The legacy of training astronauts in field geology started by Professor William Muehlberger continues at the Jackson School thanks to the effort of researcher Patricia Dickerson and Distinguished Senior Lecturer Mark Helper.
Dickerson was one of the driving forces in forming the Field Exploration Analysis Team, a group dedicated to recruiting experienced field geologists who could help NASA prepare astronauts for future field work on the moon or Mars. She started the program with Muehlberger, who was her Ph.D. adviser, and astronaut geologist Harrison “Jack” Schmitt in 2006. Shortly after its formation, Helper joined as the program’s co-chair.
Dickerson personally saw the importance of field training. From 1996 to 2002, she worked at NASA’s Johnson Space Center, where part of her job involved co-leading astronaut training field trips with Muehlberger in New Mexico. In collaboration with Muehlberger and astronaut John Young, she initiated instruction in field geophysical methods, including seismic imaging. She recognized that the skill set could prove useful to astronauts who might one day be sent to Mars, a world where much of the bedrock geology is obscured by layers of shifting sand.
Today, Dickerson frequently teaches general audiences about geology on tours organized by the Smithsonian Institution. She said that she was reminded of the synergy between the Jackson School and the Apollo program when, on the week of the 50th anniversary of the first moon landing, she was able to tell a tour group that the Icelandic lava flows that they were visiting had counterparts on the moon, and that her information had come from quite a reliable source: Jack Schmitt, an astronaut who had trained on the very lava flows they were visiting and who had walked among the lunar flows.

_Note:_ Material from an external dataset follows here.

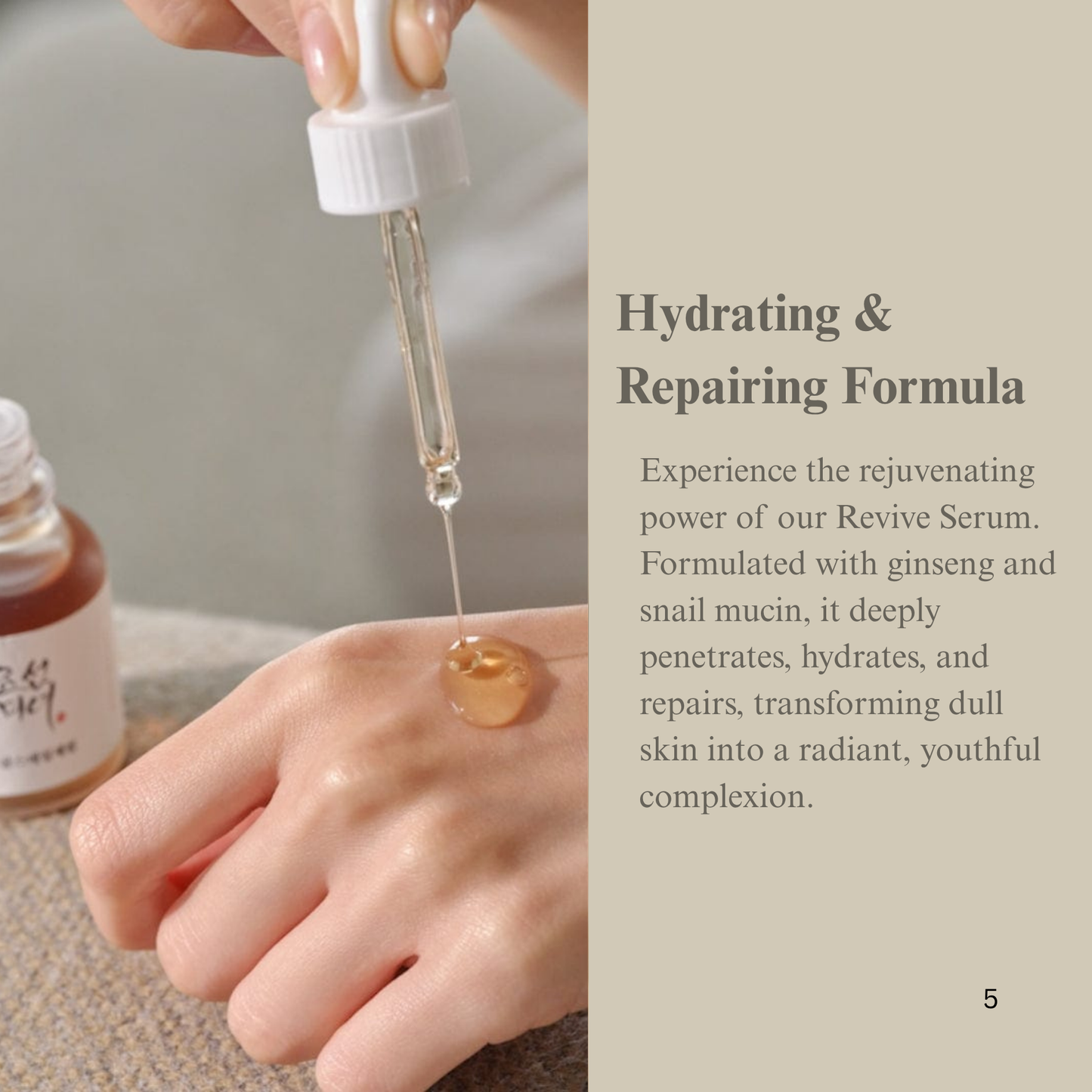 Beauty of Joseon Revive Serum : Ginseng + Snail Mucin 30ml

Helper, in turn, is lead field geology instructor for NASA’s astronaut candidate program. Beginning with the 2009 astronaut class and continuing to the most recent class selected in 2017, he has designed and taught five-day field exercises involving geologic mapping and field data collection in northern and central New Mexico. He has also taken NASA engineers and scientists, particularly those involved in planning or directing lunar or Martian surface science, on similar trips so they can learn about the nature of geologic field work by doing it for themselves. In addition to wearing these field training hats, Helper has played the role of an astronaut on a simulated Mars geology mission as part of NASA’s Haughton Mars Project, a program that conducted mock Mars mission exercises on an impact crater in Canada’s remote and isolated Devon Island, an analog site for the Red Planet.
Helper said that his experience teaching astronauts has carried over into teaching Jackson School undergraduates in the field. For instance, he tasked students in the 2019 GEO 660 field geology course with the same Rio Grande Gorge field mapping exercise as the 2017 astronaut class. If that sounds intimidating, Helper said that the students did not know they were following in the footsteps of astronauts until later on in the field camp when teaching assistants let it leak. But Helper noted that it’s the astronauts who had it easier; the students having to create more detailed maps in less time.